Neko Case steps out, cutting the sky and singing the stars, spinning fury and mercy as she goes. She loves the world and wears her heart on her sleeve, but she might eat it before you get to thinking it belongs to you.
Wild Creatures pulls together some high points of feral joy from twenty-one years of solo work by Neko Case. The Virginian marked Neko’s debut as a solo artist in 1997. She delved into darkness in 2000 with Furnace Room Lullaby, scrawled Blacklisted in 2004 and recorded The Tigers Have Spoken live the same year. In 2006, she dreamed Fox Confessor Brings the Flood, and in 2009 unleashed Middle Cyclone. She plumbed her own life in 2013 for The Worse Things Get, the Harder I Fight, the Harder I Fight, the More I Love You, and raised hell in 2018 with Hell-On. Now in her third decade of recording under her own name, she’s just getting started.
Is there another songwriter so fearless and inventive? Bending decades of pop music into new shapes, she wields her voice like a kiss and her metaphors like a baseball bat. She has cast the fishing net of her career wide—from Seattle and Vancouver to Chicago and Stockholm, setting up her home base on a farm in New England.
Gathering power year after year, Neko sings with the fierce abandon of a newborn infant crying in a basket in the woods.

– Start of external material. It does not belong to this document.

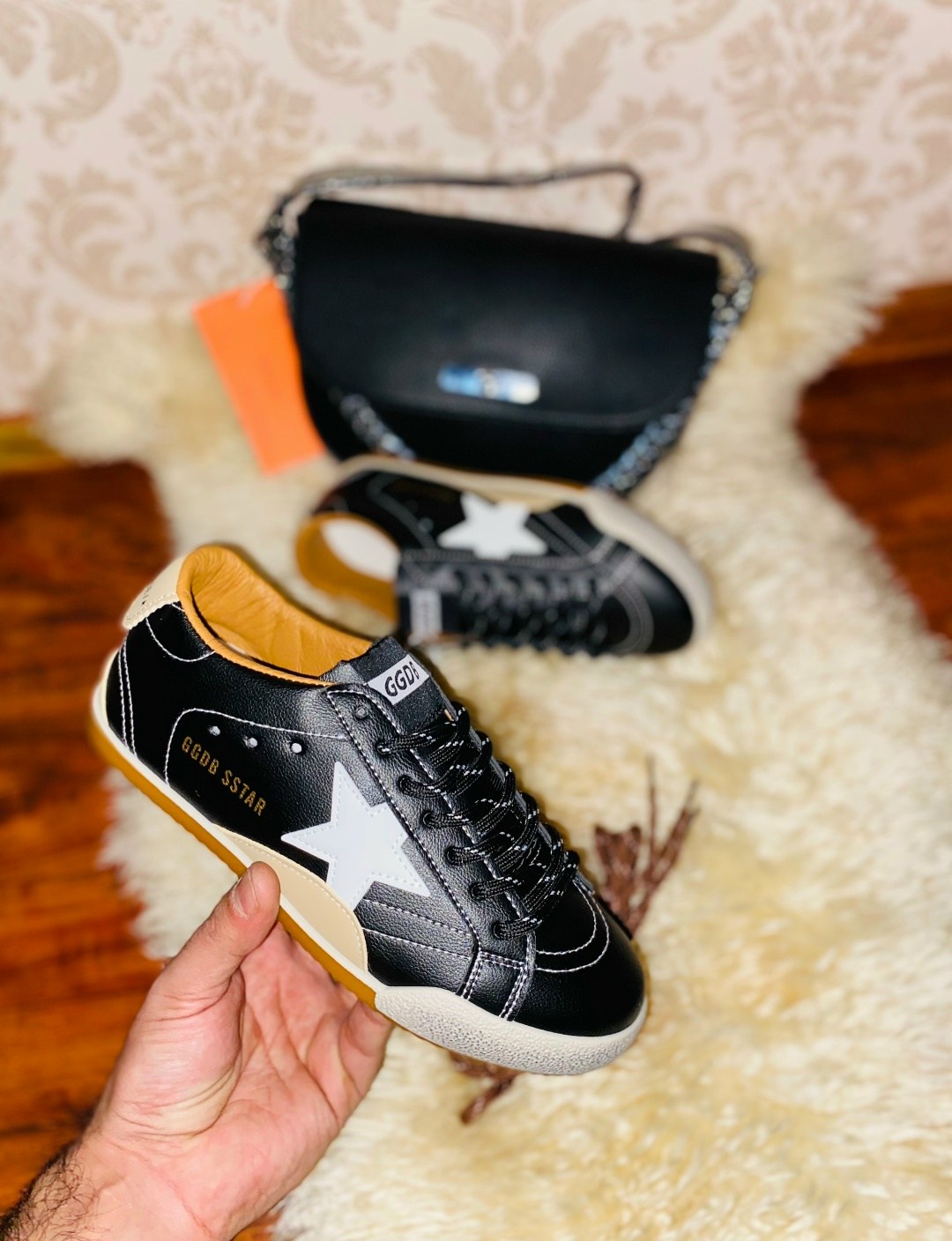 ,кеды golden goose,кроссовки golden goose,golden goose super star,golden goose superstar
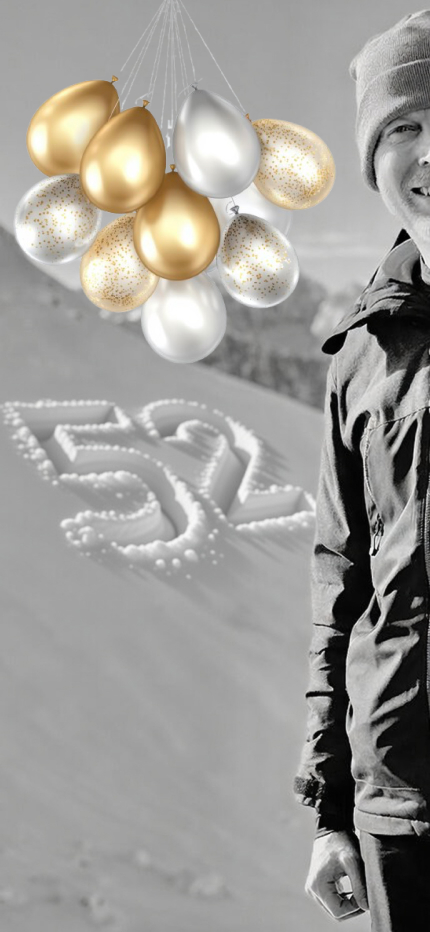 Dean Relax tweet media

Since escaping the labels of country and Americana, the gorgeous train-whistle vocals of her early career sit submerged in her later style, where their ghost can appear any minute. When her voice jumps an octave, it’s almost visible, like sparks at night. “I never knew where I wanted to go or what I wanted to do with my voice,” she says, “but I just wanted to do it so bad.”
The world tends to love women singer-songwriters most when they’re wounded and helpless.
Neko’s music spans a broader spectrum, from longing to malice. Her lyrics evoke worlds, imagining a woman pilot ready to die, a serial killer, a murdered child, and a tornado, just for starters. Is there any perspective she can’t write a song from or about? “I am a man,” she sings. “I am the man in the f___ing moon.”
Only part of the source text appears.